As Franco Berardi (2007) argues, neoliberal capitalism increasingly has to deal with the consequences of “poisoning the soul” of its workforce, primarily made manifest through widespread dissemination of apathy, cynicism, burnout, depression, etc. Due to this, there emerges an urgent need to preserve public participation and engagement in generating surplus value under ever more precarious and, simultaneously, intense conditions of labor. In a way, then, Coffitivity acts to vitalize the population, attuning bodies to the ubiquitous regime of work through the deployment of sound in direct modulation of an affective environment. It does so by integrating a multiplicity of heterogeneous elements, both discursive and non-discursive, including expert knowledges on cognition and productivity, the cultural symbolic of creativity, sound recordings and digital technologies, which together afford individuals with ways of knowing and acting on their own lives. In this sense, Coffitivity constitutes a sonic apparatus composed of a set of material and symbolic elements that are brought together and deployed to strategically intervene in the affective life of a population (Anderson 2014). Furthermore, the virtual interface of Coffitivity enables its use in a multiplicity of different settings, aligning with the pervasiveness of work in contemporary society and, in particular, the specificity of creative and immaterial labor, capable of adapting to almost every spatial, temporal and interactional context.

Analyzing Coffitivity as a sonic apparatus allows us to comprehend more clearly how its modus operandi aligns with several features of neoliberal capitalism, for example: making individuals take responsibility for structural processes and enjoining them to self-improve, not only in relation to their economic prospects but also personal well-being; putting emphasis on vitality as a way to assure continual change, transformation, and innovation; designing commodities to induce affective engagement by amplifying sensory impact and generating resonance with the embodied predispositions of users; inserting various media into the everyday to provide a ubiquitous background – always present, always on – structuring the field of possible interactions from which value can emerge; and so on (Thrift 2005; 2007). Consequently, neoliberal governance becomes increasingly concerned with materiality and involved in the production of potential. In other words, in neoliberal capitalism, power operates primarily through intensive processes in order to directly modulate the potentiality embodied in pre-individual flows of affect within the social (Clough, Goldberg, Schiff, Weeks and Willse 2007; Clough 2008).

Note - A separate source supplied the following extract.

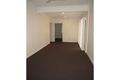 Property photo of 55 Frederick Road Royal Park SA 5014
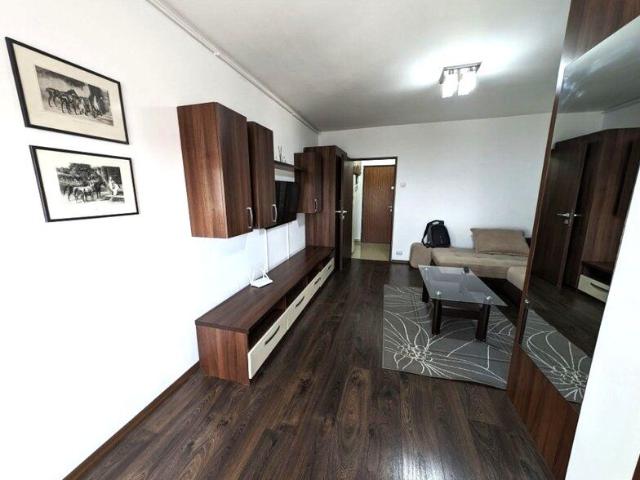 Garsonieră închirieri în Dimitrov, București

According to this logic, power relations afforded by Coffitivity are contingent upon producing transcendence from immanence: the ideological construction of entrepreneurial subjects depends on an affective mobilization of the multitude and habituation into the regime of ubiquitous work. The primary imperative of Coffitivity is, therefore, to vitalize the increasingly dysfunctional structure of (un)employment that emerged with the shift to advanced neoliberalism. And, considering the remarkable success of the venture, a posthegemonic analysis of Coffitivity might also provide some preliminary insights into the potential of sound to immanently modulate the field of differential affective forces operating in the intensive register, thus contributing to the development of new techniques of power in alignment with the relational dynamic of social life under neoliberal capitalism.


This paper was supported by the National Science Centre, Poland (grant no. 2014/13/D/HS2/00898). An earlier version was published in Teksty Drugie, no. 5/2015.